Thanksgiving 2003
Mr. Joseph W. Luter, III
CEO and Chairman of the Board
Smithfield Foods, Inc.
200 Commerce Street
Smithfield, VA 23430
CC: Members of the Board of Directors of Smithfield Foods, Inc.
CC: Senator Elizabeth Dole, Senator John Edwards
CC: U. S. Representative Mike McIntyre
CC: NC Representative Edd Nye, NC Senator Tony Rand
Dear Mr. Luter:
Happy Thanksgiving to you and yours. It is a time of year when we are thankful for many things, including for persons whose efforts put food on our tables.
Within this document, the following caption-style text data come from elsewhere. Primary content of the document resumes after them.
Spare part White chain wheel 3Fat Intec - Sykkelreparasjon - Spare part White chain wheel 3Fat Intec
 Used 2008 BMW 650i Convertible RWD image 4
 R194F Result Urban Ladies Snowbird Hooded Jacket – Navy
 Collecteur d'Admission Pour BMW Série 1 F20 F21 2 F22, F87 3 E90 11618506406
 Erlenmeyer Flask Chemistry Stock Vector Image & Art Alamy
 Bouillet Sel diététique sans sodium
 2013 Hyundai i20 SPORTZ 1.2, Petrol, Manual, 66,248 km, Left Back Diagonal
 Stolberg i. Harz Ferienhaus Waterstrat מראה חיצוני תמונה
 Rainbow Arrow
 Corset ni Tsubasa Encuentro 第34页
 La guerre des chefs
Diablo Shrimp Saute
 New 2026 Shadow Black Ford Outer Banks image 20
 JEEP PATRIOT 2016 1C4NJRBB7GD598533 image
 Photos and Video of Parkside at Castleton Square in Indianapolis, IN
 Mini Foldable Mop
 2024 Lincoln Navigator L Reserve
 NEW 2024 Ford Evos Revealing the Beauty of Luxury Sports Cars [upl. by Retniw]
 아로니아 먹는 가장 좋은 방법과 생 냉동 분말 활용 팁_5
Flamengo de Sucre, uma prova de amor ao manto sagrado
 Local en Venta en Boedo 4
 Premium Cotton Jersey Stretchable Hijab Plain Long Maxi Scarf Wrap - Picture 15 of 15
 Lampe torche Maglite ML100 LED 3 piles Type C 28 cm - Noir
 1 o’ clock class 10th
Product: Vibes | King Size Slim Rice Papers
This letter comes to you and your board members from the NC Council of Churches. Both our Executive Board and our statewide Economic Justice Committee have signed resolutions of support for the Witness: Justice at Smithfield campaign by workers at your Tar Heel, North Carolina plant. Our religious principles and faith lead us to agree with their demands for fair working conditions and for non-interference with their legal right to organize into a union. Enclosed you will see a copy of one of the of our signed resolutions, as well as a brochure on who we are as the Council. The Economic Justice Committee is comprised of clergy, denominational leaders, members of financial institutions, and representatives of labor and nonprofit organizations.
We as the church are becoming more and more aware of your company’s illegal interference with worker rights to organize and sign union cards at the Tar Heel plant. We know about your intimidation of workers, and about racial divide-and-conquer tactics with African-American and Latino workers.
As people of faith, we believe scripture calls all of us to do our parts, in our places, to enhance the dignity and worth of all persons. Most mainstream religious denominations support the right to unionize (see enclosed sheet from the National Interfaith Committee for Worker Justice). But more importantly, when a company such as yours harasses, fires, and intimidates workers who are doing what they are constitutionally allowed to do, this is scandalous.
For too long, companies who treat workers better elsewhere, due to unionization in those locations, come into North Carolina ready to squeeze the lowest wages and worst working conditions out of our people. This is wrong, morally and ethically. Furthermore, we believe these practices will ultimately hurt the reputation and prosperity of your business.
I am asking you as President, and you as board members, to please call me, staff to the Committee, at 919-876-9954 and explain why you allow continuation of human rights violations at your North Carolina plant. We would like to hear why you think it is all right to treat hard-working people in such fashion, for the almighty dollar. The Pope has a term for this, “savage capitalism,” which is as far away from honest business practice as chitterlings are to filet mignon.